Bermuda-incorporated Infinity Bio-Energy, a company that owns several ethanol mills in Brazil, has announced plans to build a US$120mn plant in the Dominican Republic, in a joint venture with local firm Bio Etanol Boca Chica. The facility will supply the local market and surplus production will be shipped to the US. Last May, Infinity bought a stake in a Panamanian sugar mill.
“A global ethanol market depends on governments demanding alcohol to be blended with gasoline,” Sergio Thompson-Flores, Infinity’s chief executive officer, tells GTR. The 18-month-old company raised US$477mn on London’s alternative investment market in 2006 and plans to sell more shares on the exchange in 2007.

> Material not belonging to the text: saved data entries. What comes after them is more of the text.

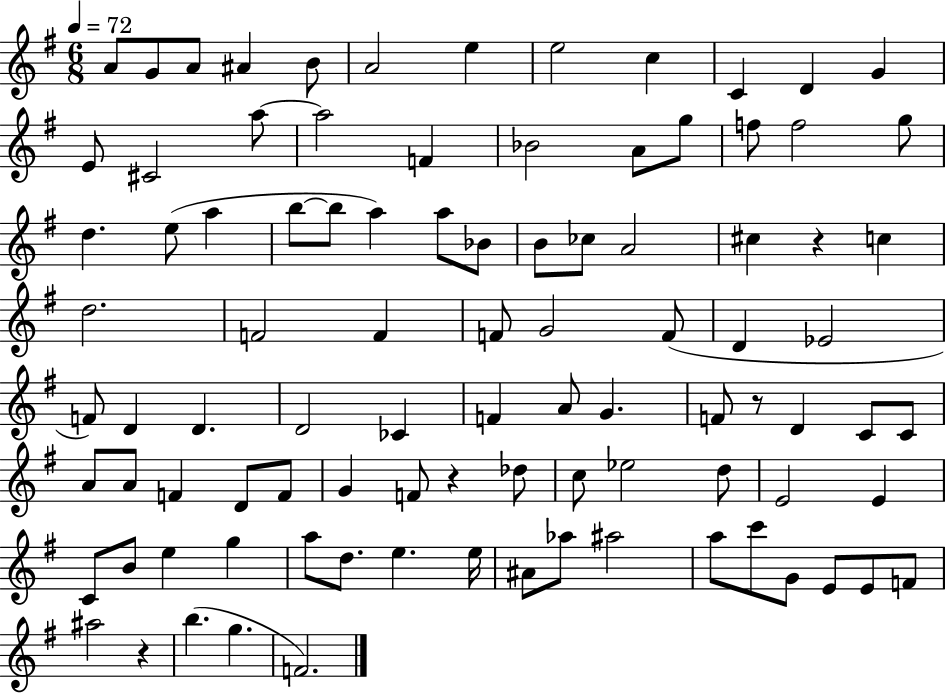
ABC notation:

X:1
T:Untitled
M:6/8
L:1/4
K:G
A/2 G/2 A/2 ^A B/2 A2 e e2 c C D G E/2 ^C2 a/2 a2 F _B2 A/2 g/2 f/2 f2 g/2 d e/2 a b/2 b/2 a a/2 _B/2 B/2 _c/2 A2 ^c z c d2 F2 F F/2 G2 F/2 D _E2 F/2 D D D2 _C F A/2 G F/2 z/2 D C/2 C/2 A/2 A/2 F D/2 F/2 G F/2 z _d/2 c/2 _e2 d/2 E2 E C/2 B/2 e g a/2 d/2 e e/4 ^A/2 _a/2 ^a2 a/2 c'/2 G/2 E/2 E/2 F/2 ^a2 z b g F2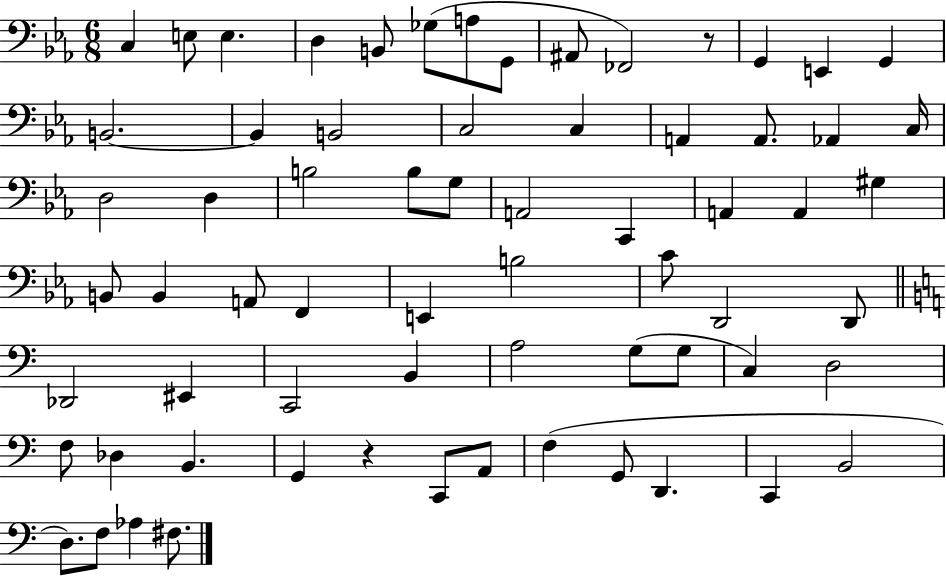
{
  \clef bass
  \numericTimeSignature
  \time 6/8
  \key ees \major
  c4 e8 e4. | d4 b,8 ges8( a8 g,8 | ais,8 fes,2) r8 | g,4 e,4 g,4 | \break b,2.~~ | b,4 b,2 | c2 c4 | a,4 a,8. aes,4 c16 | \break d2 d4 | b2 b8 g8 | a,2 c,4 | a,4 a,4 gis4 | \break b,8 b,4 a,8 f,4 | e,4 b2 | c'8 d,2 d,8 | \bar "||" \break \key a \minor des,2 eis,4 | c,2 b,4 | a2 g8( g8 | c4) d2 | \break f8 des4 b,4. | g,4 r4 c,8 a,8 | f4( g,8 d,4. | c,4 b,2 | \break d8.) f8 aes4 fis8. | \bar "|."
}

An initial public offering on Bovespa, the So Paulo stock exchange, is also being targeted for this year. Thompson-Flores warns ethanol-producing companies not to boost their indebtedness because “this is a sector which will still suffer until prices stabilise.”
He adds that worldwide demand for ethanol will boom due to three reasons. First, high oil prices are structural and not likely to fall. Second, bigger production of cleaner-burning ethanol helps address environmental issues. And lastly, many governments are eager to diminish their reliance on Middle Eastern oil.
“A rise in alcohol-blended gasoline will make countries scour the world for the biofuel,” he says. Infinity’s aim is to be a dedicated ethanol supplier, and not to juggle output between sugar and ethanol depending on market prices.
Thompson-Flores contends that Brazil is indeed interested – and not concerned – to see large-scale ethanol production thrive in other countries as a means to convince sceptics that they can blend 10% of alcohol into gasoline.
“Consumers are afraid to concentrate their imports on just one supplier,” he explains.